Andy Bockelman: ‘Moonlight Mile’ lesser but still worthy entry in mystery series
December 7, 2010
Book at a glance
“Moonlight Mile,” by Dennis Lehane
2.5 out of 4 stars
Published by William Morrow
When a writer takes a decade-long break from his most famous characters, you can bet that the new results will be a little different. But, as long as the scribe in question still brings the same skills to the table, there's not much reason to complain.
Such is the outcome of Dennis Lehane's "Moonlight Mile."
Patrick Kenzie was once a prominent Boston private eye, but his current situation is less satisfying. Working part-time surveillance for a high-profile security firm and getting strung along with the promise of permanent work, worrying about his family is more of a priority than the thrill of a good case.
However, when Beatrice McCready walks back into his life, all the worst memories of his past career come flooding back. Looking for reparations from Patrick's most unsettling case, Beatrice wants him to find someone.
After rescuing Beatrice's niece, Amanda, 12 years ago only to return her to a mother who barely noticed her existence, Patrick is tasked once again with finding the girl, who's now 16 and has mysteriously vanished despite a stellar academic future.

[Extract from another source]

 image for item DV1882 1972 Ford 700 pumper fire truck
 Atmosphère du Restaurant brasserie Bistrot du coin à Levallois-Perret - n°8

And, though getting back in the fray is the last thing Patrick wants, his conscience won't let him forget that he needs to right the situation he helped make worse.
Though a good deal older now, Kenzie doesn't seem the least bit different as a Boston native who's relocated from his office in a church bell tower and his inner-city apartment to a suburban situation.
With him, as always, is former partner and current spouse, Angie Gennaro, reminding him that they've put the life of hard-nose investigating behind them. She still can't stay away as long as he remains interested, but she's not willing to put their 4-year-old daughter, Gabriella, at risk.
For the dirty work, there's always Patrick's best friend and stand-in junkyard dog, Bubba Rogowski, a gun-runner oblivious to pain and common sense, making him the perfect muscleman.
As for the girl at the center of the hubbub, Amanda McCready has grown up harder than most.
Raising herself and seeing to her education without any help from her mother Helene — who by now has seemingly cleaned up her act but is still the same neglectful mother — Amanda has gotten into the seedy business of identity theft and has some pretty nasty people after her, to say the least.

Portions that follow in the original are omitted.